EXERCISE AIM. Starting at the line below holding "ECRAN AOC AGON" and stopping at the line holding "At the dentist by Gerrit van Honthorst", print every line exactly, both ends included, and leave the rest out.
★ ★ ★ ★ ★ ★ ★
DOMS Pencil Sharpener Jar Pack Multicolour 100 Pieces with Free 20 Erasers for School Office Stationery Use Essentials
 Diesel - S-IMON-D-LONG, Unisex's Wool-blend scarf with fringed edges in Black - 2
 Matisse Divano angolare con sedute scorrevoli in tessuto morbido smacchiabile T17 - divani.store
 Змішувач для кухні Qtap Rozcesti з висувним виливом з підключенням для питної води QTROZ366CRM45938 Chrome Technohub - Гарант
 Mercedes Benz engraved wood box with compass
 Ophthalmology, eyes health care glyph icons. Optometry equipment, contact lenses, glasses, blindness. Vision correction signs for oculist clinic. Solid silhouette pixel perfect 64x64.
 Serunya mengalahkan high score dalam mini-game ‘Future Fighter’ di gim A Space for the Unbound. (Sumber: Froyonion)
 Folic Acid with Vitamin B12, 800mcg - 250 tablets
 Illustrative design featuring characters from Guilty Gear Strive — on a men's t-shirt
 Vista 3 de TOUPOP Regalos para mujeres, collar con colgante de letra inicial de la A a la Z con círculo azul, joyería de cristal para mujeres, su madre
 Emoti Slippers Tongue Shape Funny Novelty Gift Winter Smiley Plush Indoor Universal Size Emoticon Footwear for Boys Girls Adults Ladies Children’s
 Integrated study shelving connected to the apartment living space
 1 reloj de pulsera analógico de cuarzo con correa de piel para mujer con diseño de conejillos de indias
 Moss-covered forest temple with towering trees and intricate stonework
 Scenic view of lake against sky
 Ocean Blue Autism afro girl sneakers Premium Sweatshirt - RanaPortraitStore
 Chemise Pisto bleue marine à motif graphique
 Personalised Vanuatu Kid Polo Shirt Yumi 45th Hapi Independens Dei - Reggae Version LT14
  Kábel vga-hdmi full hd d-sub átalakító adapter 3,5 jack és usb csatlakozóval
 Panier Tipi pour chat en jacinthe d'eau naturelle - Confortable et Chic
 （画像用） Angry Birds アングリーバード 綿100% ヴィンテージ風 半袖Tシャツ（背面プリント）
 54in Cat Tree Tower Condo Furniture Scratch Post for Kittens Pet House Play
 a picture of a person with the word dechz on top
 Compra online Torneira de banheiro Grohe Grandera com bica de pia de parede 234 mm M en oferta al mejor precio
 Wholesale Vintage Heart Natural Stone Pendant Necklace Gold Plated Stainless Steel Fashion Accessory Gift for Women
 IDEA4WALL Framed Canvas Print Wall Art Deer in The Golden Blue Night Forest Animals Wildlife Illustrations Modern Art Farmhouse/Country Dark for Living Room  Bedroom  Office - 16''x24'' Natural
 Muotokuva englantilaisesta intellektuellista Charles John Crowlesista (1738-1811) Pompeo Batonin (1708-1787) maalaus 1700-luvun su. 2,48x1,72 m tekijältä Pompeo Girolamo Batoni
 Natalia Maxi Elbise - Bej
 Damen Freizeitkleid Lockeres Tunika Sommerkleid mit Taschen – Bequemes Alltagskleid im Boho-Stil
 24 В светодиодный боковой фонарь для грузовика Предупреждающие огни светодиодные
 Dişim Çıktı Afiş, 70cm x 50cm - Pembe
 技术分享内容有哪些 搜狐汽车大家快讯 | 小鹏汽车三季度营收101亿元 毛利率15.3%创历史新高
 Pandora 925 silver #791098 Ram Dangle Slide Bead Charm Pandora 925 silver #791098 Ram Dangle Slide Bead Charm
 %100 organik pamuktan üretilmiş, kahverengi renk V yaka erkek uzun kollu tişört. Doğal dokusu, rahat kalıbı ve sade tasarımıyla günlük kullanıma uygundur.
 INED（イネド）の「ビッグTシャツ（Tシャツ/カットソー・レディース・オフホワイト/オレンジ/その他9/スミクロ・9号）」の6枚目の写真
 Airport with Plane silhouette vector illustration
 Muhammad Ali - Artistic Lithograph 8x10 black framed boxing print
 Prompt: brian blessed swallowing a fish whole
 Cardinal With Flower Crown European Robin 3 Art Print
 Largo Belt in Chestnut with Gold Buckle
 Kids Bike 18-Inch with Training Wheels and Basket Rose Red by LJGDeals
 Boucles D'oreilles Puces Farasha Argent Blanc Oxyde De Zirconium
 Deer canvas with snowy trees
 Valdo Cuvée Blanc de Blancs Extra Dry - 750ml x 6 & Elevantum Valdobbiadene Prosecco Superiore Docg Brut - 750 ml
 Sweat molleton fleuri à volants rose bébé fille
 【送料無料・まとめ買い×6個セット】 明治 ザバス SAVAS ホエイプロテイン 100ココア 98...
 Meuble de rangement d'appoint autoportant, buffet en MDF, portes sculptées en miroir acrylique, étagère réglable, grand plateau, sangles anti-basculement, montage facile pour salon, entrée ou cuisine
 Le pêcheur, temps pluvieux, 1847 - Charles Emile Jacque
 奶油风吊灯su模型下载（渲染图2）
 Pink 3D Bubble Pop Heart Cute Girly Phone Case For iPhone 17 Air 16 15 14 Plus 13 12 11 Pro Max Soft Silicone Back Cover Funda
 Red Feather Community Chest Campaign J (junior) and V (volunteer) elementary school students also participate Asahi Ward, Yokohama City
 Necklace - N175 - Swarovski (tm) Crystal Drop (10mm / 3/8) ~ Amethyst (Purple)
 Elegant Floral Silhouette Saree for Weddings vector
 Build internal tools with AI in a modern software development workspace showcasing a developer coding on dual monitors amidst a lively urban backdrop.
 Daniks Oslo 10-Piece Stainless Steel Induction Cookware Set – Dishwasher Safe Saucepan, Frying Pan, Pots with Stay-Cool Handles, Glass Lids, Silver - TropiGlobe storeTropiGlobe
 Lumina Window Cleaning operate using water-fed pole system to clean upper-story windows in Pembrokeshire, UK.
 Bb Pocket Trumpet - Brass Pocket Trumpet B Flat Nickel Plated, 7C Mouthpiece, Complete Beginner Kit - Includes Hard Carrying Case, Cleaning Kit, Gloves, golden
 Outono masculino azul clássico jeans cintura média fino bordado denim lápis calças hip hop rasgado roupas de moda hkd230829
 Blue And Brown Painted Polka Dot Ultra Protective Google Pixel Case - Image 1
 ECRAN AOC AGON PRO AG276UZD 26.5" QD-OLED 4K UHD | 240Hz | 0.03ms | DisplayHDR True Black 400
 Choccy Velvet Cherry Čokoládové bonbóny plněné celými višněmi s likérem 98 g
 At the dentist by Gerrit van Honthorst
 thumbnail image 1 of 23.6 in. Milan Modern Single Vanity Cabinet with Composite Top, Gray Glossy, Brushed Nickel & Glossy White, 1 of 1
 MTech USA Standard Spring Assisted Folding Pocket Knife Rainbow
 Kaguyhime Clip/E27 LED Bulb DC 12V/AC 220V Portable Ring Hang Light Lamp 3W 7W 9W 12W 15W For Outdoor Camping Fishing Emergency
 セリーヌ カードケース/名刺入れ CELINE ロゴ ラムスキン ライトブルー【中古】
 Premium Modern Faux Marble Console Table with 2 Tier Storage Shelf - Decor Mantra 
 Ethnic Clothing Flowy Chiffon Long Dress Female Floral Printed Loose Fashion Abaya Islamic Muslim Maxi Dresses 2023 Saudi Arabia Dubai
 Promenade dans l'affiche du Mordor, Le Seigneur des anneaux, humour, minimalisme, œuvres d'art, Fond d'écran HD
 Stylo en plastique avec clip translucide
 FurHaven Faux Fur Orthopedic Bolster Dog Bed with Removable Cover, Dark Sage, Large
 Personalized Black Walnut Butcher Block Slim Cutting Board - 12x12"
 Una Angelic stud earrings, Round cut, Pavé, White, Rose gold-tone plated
★ ★ ★ ★ ★ ★ ★
RESULT FOR THIS EXERCISE.
 ECRAN AOC AGON PRO AG276UZD 26.5" QD-OLED 4K UHD | 240Hz | 0.03ms | DisplayHDR True Black 400
 Choccy Velvet Cherry Čokoládové bonbóny plněné celými višněmi s likérem 98 g
 At the dentist by Gerrit van Honthorst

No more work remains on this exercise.